▶ _Problem details_:
From the data below, retype exactly the lines starting with the one that contains "Final Fantasy XVI" and ending with the one that contains "Стяжка BAUMIT Estrich-Beton", both included.

(Source data)
☆ ☆ ☆ ☆ ☆ ☆ ☆
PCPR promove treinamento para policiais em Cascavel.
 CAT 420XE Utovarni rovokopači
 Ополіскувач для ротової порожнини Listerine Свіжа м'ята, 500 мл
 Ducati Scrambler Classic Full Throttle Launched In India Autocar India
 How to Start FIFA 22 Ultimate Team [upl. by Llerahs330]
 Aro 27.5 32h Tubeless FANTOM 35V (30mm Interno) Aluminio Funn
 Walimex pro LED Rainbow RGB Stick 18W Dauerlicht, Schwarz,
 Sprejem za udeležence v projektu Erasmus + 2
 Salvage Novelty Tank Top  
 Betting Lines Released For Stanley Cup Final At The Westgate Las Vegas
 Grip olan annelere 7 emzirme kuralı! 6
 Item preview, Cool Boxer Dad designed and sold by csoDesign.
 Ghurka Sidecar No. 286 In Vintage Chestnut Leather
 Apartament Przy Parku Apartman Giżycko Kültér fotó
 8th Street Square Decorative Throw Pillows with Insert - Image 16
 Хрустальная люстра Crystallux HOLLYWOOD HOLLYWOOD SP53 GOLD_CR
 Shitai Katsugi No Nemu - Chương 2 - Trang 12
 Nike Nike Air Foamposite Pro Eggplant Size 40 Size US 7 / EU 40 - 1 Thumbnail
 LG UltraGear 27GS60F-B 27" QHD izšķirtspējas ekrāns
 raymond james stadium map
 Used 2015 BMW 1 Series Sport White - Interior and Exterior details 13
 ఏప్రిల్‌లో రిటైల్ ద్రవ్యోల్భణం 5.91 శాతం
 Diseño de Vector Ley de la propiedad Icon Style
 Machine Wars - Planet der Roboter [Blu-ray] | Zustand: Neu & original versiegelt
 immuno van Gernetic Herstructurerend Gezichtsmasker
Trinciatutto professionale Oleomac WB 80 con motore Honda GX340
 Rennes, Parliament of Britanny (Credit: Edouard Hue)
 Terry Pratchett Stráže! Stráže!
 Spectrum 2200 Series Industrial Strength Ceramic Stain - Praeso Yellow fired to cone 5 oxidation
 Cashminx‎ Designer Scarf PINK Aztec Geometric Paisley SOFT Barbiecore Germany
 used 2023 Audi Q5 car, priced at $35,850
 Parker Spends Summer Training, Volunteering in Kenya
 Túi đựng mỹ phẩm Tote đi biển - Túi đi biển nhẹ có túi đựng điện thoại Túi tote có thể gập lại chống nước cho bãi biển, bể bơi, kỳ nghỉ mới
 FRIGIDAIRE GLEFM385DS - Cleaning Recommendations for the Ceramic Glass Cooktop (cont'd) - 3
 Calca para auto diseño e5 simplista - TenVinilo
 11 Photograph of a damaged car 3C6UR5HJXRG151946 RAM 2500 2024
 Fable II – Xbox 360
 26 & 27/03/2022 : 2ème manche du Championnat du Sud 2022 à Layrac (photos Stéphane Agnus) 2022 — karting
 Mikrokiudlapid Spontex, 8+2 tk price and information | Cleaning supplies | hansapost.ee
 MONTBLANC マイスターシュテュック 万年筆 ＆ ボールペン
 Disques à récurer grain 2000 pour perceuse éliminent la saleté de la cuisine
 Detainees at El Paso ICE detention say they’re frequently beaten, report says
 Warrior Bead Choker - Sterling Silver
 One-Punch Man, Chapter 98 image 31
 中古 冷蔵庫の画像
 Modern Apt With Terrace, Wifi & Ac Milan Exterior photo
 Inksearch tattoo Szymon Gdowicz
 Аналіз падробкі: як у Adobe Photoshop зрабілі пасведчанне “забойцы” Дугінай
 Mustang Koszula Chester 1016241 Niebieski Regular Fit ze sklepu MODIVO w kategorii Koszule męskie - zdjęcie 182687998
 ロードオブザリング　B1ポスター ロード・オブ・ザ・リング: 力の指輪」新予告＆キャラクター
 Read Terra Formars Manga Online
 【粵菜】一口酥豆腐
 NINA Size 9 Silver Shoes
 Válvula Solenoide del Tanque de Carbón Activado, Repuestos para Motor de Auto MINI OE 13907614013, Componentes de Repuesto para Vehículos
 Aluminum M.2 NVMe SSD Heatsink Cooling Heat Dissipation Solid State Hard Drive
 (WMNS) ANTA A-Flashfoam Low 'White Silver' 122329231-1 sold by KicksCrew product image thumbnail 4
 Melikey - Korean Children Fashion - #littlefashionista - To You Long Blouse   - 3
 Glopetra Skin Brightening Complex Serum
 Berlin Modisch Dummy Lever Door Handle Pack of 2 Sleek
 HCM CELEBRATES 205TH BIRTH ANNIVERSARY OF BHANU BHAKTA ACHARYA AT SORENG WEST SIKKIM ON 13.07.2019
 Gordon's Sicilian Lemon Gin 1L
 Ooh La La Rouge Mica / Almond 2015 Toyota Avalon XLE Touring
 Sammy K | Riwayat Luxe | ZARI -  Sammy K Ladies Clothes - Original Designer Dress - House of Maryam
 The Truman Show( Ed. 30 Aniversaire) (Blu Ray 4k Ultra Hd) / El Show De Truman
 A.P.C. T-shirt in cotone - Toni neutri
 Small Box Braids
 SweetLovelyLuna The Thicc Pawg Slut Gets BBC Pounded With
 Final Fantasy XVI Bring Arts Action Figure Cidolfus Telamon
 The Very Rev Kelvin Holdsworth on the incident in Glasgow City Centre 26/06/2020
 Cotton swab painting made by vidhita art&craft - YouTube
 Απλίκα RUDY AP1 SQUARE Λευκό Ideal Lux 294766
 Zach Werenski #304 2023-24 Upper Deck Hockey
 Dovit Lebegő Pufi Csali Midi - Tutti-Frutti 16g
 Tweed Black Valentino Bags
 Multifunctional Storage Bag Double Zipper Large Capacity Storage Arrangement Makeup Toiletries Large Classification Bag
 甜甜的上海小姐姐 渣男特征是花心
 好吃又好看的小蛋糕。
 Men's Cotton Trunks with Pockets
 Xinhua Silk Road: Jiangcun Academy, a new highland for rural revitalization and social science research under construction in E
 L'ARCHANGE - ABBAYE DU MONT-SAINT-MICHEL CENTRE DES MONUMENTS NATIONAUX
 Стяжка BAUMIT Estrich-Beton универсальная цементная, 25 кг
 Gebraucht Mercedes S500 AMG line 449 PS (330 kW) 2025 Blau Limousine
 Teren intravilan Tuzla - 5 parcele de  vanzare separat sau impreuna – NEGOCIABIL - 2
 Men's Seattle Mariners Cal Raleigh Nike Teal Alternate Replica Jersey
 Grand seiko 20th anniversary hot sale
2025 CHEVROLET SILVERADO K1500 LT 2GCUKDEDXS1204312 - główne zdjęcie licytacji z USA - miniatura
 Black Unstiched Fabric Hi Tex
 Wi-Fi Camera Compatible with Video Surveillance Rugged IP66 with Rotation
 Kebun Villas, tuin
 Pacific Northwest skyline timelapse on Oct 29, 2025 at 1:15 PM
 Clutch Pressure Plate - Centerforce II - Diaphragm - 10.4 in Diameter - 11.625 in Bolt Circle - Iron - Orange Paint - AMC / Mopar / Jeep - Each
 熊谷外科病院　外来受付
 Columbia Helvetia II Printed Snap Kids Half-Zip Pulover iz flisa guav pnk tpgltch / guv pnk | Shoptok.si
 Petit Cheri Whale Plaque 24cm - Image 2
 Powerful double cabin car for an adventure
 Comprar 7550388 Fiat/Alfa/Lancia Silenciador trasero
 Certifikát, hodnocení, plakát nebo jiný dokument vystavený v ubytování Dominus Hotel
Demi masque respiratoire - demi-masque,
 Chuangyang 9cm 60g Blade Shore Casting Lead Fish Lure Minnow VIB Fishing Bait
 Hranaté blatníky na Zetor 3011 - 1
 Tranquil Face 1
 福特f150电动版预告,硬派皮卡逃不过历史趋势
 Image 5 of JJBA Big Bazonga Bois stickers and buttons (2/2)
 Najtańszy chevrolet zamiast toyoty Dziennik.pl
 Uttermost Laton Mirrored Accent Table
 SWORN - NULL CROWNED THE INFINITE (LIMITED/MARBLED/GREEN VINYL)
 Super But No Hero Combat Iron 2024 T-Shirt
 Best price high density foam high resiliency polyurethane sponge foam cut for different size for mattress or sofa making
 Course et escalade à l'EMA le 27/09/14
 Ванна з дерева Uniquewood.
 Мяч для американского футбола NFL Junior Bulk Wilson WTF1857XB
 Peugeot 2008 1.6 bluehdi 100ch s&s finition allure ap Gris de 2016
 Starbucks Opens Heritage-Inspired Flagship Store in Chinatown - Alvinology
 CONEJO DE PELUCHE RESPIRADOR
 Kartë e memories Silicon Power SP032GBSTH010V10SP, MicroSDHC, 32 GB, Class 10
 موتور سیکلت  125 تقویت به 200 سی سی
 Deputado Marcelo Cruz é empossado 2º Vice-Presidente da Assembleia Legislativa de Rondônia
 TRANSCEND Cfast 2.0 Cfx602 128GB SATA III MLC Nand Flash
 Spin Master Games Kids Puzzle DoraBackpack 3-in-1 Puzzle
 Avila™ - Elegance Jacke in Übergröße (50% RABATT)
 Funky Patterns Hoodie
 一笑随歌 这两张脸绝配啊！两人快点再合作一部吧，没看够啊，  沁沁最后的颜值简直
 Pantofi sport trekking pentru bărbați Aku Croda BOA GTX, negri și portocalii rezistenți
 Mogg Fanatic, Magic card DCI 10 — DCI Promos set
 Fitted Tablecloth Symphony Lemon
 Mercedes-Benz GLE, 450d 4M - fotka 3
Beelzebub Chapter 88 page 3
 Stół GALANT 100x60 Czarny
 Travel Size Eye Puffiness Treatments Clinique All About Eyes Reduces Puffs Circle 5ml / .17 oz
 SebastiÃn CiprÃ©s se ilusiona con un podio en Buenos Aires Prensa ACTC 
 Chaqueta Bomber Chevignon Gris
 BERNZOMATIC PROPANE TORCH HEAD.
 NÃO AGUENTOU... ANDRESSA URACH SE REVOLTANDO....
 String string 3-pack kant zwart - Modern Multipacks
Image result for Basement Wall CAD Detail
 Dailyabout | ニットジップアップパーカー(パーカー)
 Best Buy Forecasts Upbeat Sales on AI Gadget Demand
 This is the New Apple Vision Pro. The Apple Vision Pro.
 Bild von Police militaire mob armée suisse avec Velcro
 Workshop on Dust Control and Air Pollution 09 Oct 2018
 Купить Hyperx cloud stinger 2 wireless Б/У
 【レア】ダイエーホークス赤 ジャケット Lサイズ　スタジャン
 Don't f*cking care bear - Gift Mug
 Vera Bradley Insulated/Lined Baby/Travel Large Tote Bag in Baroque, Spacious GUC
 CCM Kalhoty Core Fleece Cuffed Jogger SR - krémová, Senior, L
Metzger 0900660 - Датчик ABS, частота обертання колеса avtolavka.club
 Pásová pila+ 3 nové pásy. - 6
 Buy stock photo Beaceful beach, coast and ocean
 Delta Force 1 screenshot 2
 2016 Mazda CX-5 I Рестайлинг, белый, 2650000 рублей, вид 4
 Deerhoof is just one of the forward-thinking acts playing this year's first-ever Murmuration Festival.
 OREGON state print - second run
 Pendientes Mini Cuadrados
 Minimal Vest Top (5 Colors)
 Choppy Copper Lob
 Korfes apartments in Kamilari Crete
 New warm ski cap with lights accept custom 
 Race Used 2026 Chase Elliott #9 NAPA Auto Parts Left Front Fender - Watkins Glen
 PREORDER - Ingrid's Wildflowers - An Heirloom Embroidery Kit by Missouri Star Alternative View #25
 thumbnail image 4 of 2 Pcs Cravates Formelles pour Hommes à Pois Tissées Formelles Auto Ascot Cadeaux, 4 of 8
☆ ☆ ☆ ☆ ☆ ☆ ☆
▶ _Response to this task_:
 Final Fantasy XVI Bring Arts Action Figure Cidolfus Telamon
 The Very Rev Kelvin Holdsworth on the incident in Glasgow City Centre 26/06/2020
 Cotton swab painting made by vidhita art&craft - YouTube
 Απλίκα RUDY AP1 SQUARE Λευκό Ideal Lux 294766
 Zach Werenski #304 2023-24 Upper Deck Hockey
 Dovit Lebegő Pufi Csali Midi - Tutti-Frutti 16g
 Tweed Black Valentino Bags
 Multifunctional Storage Bag Double Zipper Large Capacity Storage Arrangement Makeup Toiletries Large Classification Bag
 甜甜的上海小姐姐 渣男特征是花心
 好吃又好看的小蛋糕。
 Men's Cotton Trunks with Pockets
 Xinhua Silk Road: Jiangcun Academy, a new highland for rural revitalization and social science research under construction in E
 L'ARCHANGE - ABBAYE DU MONT-SAINT-MICHEL CENTRE DES MONUMENTS NATIONAUX
 Стяжка BAUMIT Estrich-Beton универсальная цементная, 25 кг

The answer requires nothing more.